6. La descente de la barre.
La position de la barre étant assurée, inspirer puis descendre la barre à vitesse modérée en gardant un contrôle parfait jusqu'au contact de la poitrine. Poser de préférence la barre légèrement sous les grands pectoraux (placement variable à étudier et à bien déterminer).
Durant cette phase importante du mouvement, l'accent doit être mis sur le maintien permanent de la trajectoire et sur une accélération contrôlée de la charge durant sa descente. En effet, une vitesse excessive engendre une augmentation importante du poids pouvant créer de nombreux problèmes.
Tous les muscles doivent être, à un moment déterminé, en contraction en apportant une attention particulière aux bras, aux deltoïdes, aux pectoraux, aux dorsaux (cela dépend en partie de la position adaptée sur le banc), sans oublier les jambes.
Maintenir les coudes orientés vers les grands dorsaux (sauf adaptation différente vue précédemment) en favorisant si possible le contact de ces derniers avec les triceps afin d'aider par cet appui supplémentaire à mieux supporter la résistance croissante due à l'accélération.
Cette technique vous permet également une position de force supérieure au moment de la poussée.
A la lecture de ce qui précède, on se rend compte qu'un développé couché lourd s'effectue avec le corps entier.
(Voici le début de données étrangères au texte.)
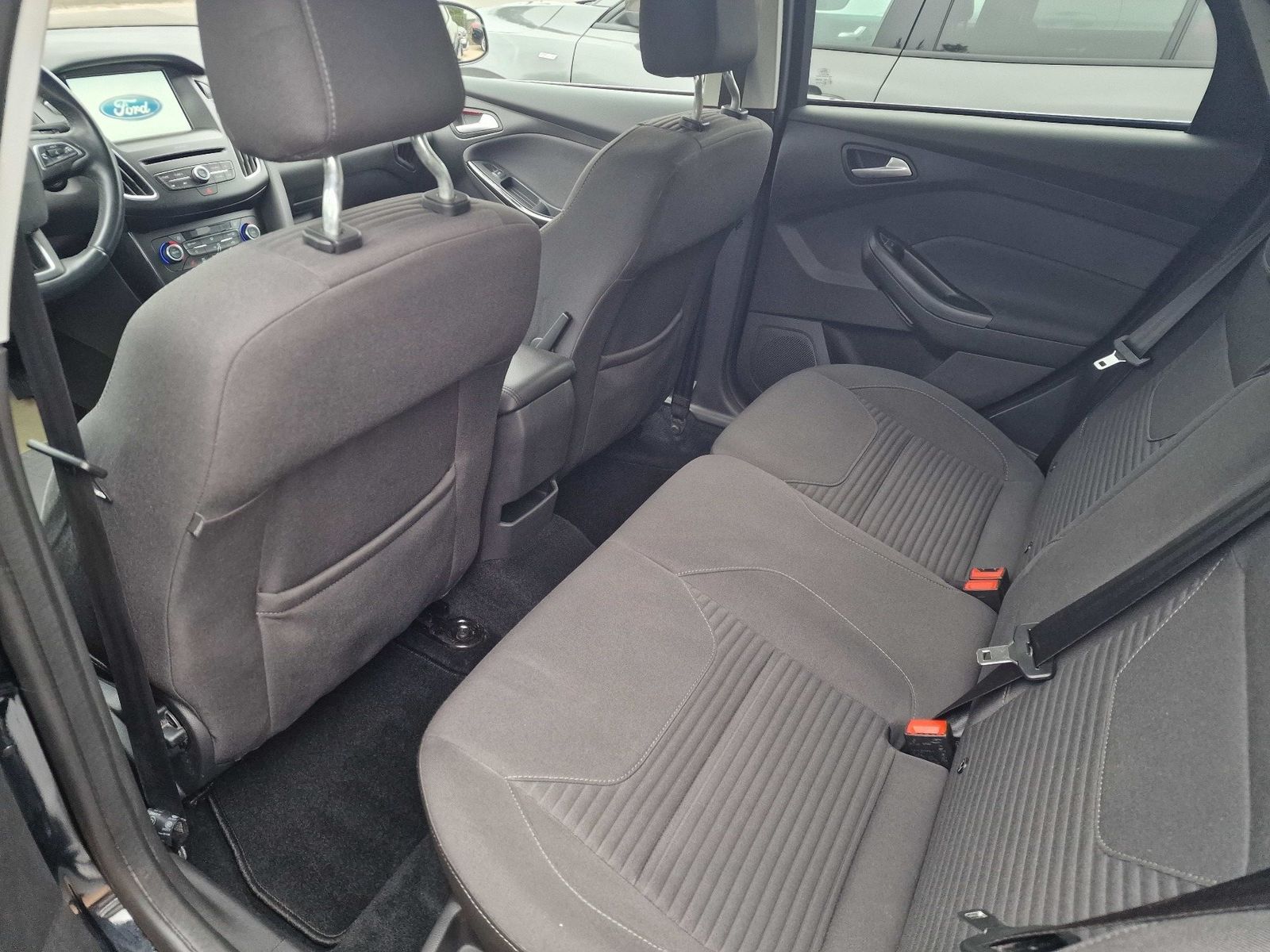 Fahrzeugabbildung Ford Focus Lim. Titanium, Navi,Winterpaket,PDC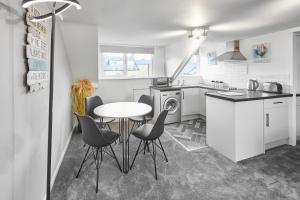 cocina con mesa y sillas en una habitación en Glencoe Holiday Apartments Whitby, en Whitby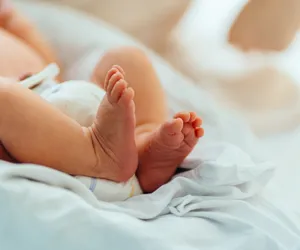 14-latka urodziła dziecko w domu. Skąd u noworodka rana cięta szyi? Nowe fakty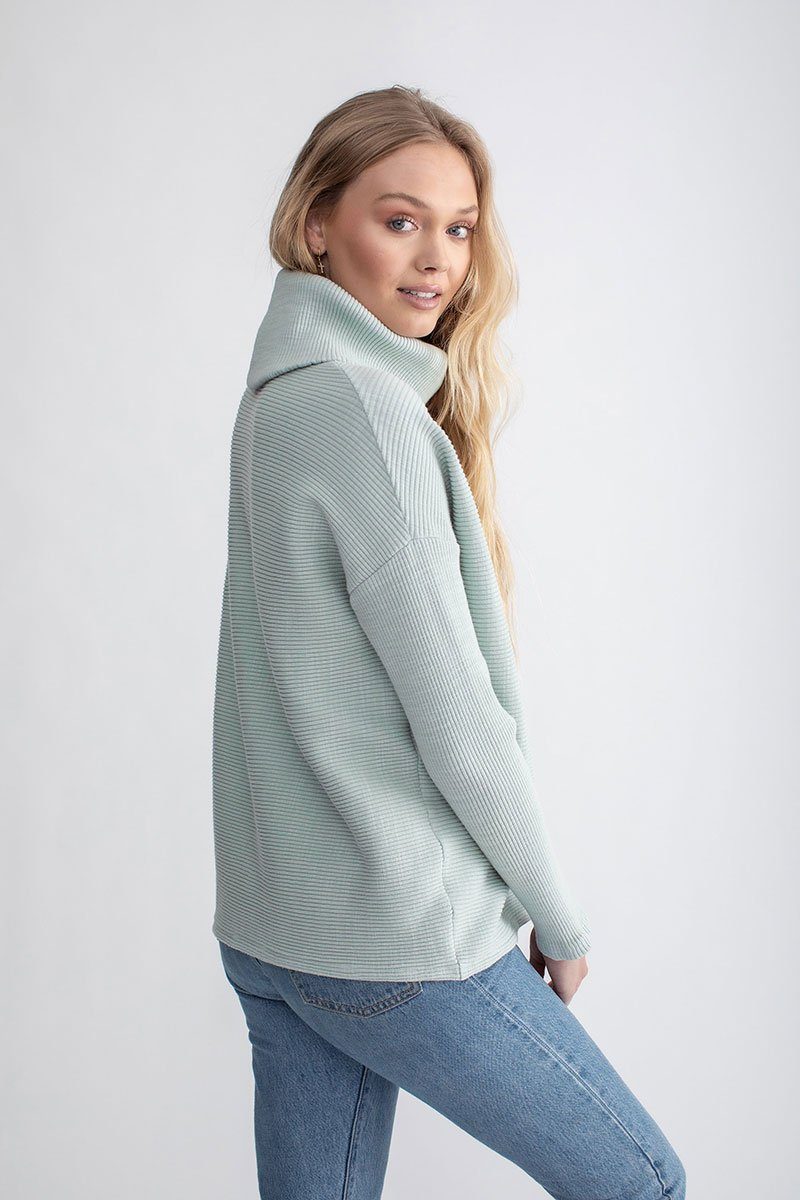 Chunky Turtle Neck Top Dew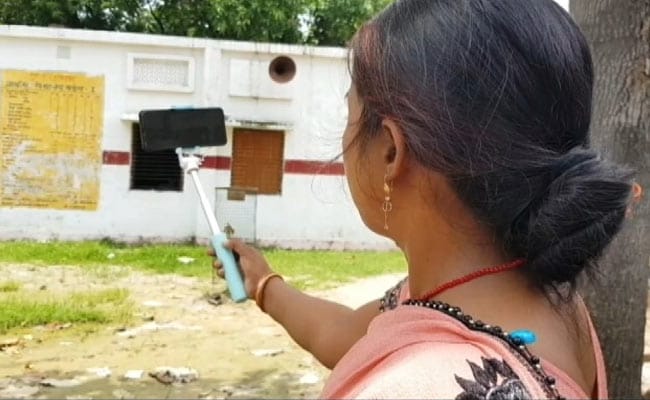 यूपी सरकार के फरमान पर टीचरों का जवाब, मैं सेल्फी नहीं खिंचवाऊंगी तुम देखते रहियो...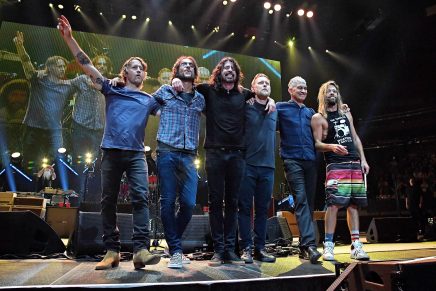 Foo Fighters pospone concierto por un caso de COVID-19 en su equipo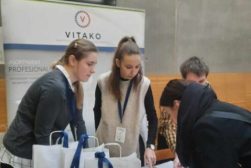 Stolik rejestracyjny podczas II Studenckiej Konferencji Biologii Człowieka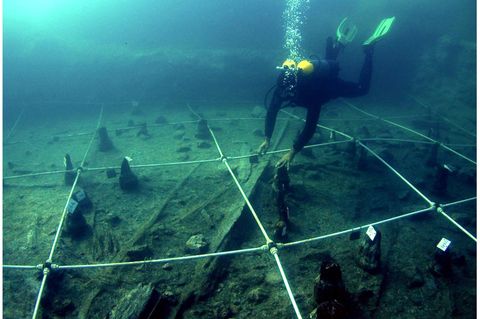 Die abgenutzten Überreste der Kanus wurden auf dem Grund des Braccianosees unweit der italienischen Hauptsadt Rom gefunden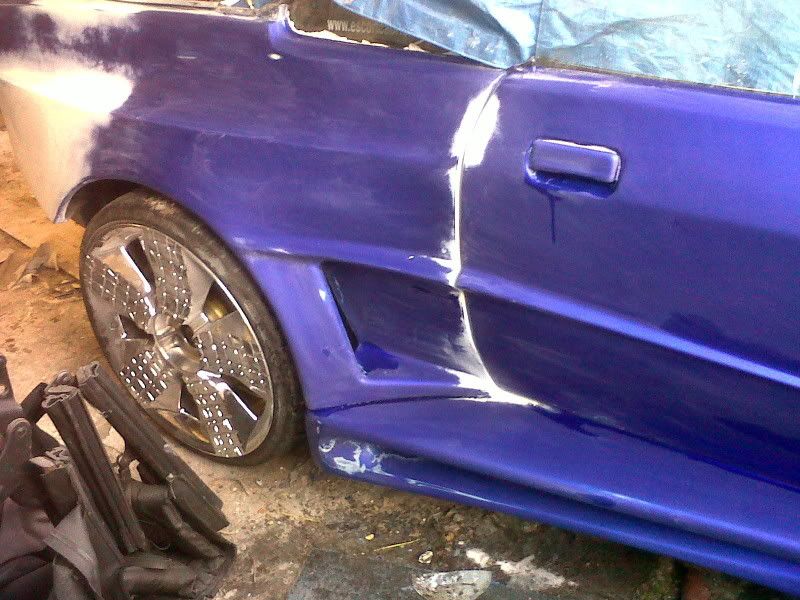 [Image: bigcabsideneardoor.jpg]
7. La poussée de la barre.
La réalisation d'une performance est la résultante de la coordination des muscles successivement sollicités et d'une parfaite trajectoire. A partir de la poitrine, où elle repose en partie sur la cage thoracique, la barre doit être poussée après un léger temps d'arrêt avec une réaction et une explosion neuro-musculaire propre à lui donner une accélération ascendante par l'action simultané des muscles pectoraux, triceps et deltoïdes antérieurs.
Cette accélération est plus explosive encore avec un écart étroit des mains, mais cela engendre un travail énorme des triceps à mi-parcours souvent difficile à négocier. A ce moment précis du mouvement, la barre est située au-dessus des pectoraux. A partir de là, les coudes se placeront plus à l'extérieur offrant des leviers plus favorables mais en sollicitant énormément la portion externe des deltoïdes. La poussée continuera avec les pectoraux et une participation déterminante des triceps. L'action continuera dans une trajectoire verticale avec une expiration progressive à l'effort.
Le verrouillage final au moment de l'extension des coudes s'effectuera grâce à l'action conjuguée des pectoraux et des triceps. Il faut toujours être très vigilant quant à la réalisation technique parfaite dès la première répétition de chaque série pour que, lors de votre "maxi" en compétition, aucune faute ne vienne sanctionner votre effort.